Unlike nearly every other lithium-ion battery chemistry, TAQ is an organic compound — not the free-range hippie type, but the kind made primarily of carbon. Researchers have been investigating organic materials as cathodes, the negatively charged part of the cell, because they could store more energy at lower cost. But so far, candidate materials haven’t been very durable because they tend to dissolve in the liquid electrolytes commonly used in the industry today.
The new material doesn’t dissolve in two widely used electrolytes, and it sports an energy density that’s 50% better than one of the most common lithium-ion battery chemistries in use today, nickel-manganese-cobalt (NMC).
TAQ, short for bis-tetraaminobenzoquinone, is composed of carbon, nitrogen, oxygen and hydrogen arranged in a row of three neighboring hexagons.
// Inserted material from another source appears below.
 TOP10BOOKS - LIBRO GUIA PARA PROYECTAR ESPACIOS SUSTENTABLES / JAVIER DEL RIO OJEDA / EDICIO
The structure is similar to that of graphite, which is almost universally used today as an anode material (the positive terminal). Each TAQ molecule is attracted to up to six others through hydrogen bonds, which aren’t as strong as other bonds but are sufficient to create a nearly flat sheet of the stuff that can be layered atop each other with the holes storing lithium ions.
The material was discovered by Tianyang Chen and Harish Banda while they were working in the lab of Mircea Dincă, a professor at MIT who has a partnership with Lamborghini to help the hypercar manufacturer electrify its lineup. Lamborghini, which previously used a supercapacitor developed in Dincă’s lab in its Sian model, has licensed the patent on the material.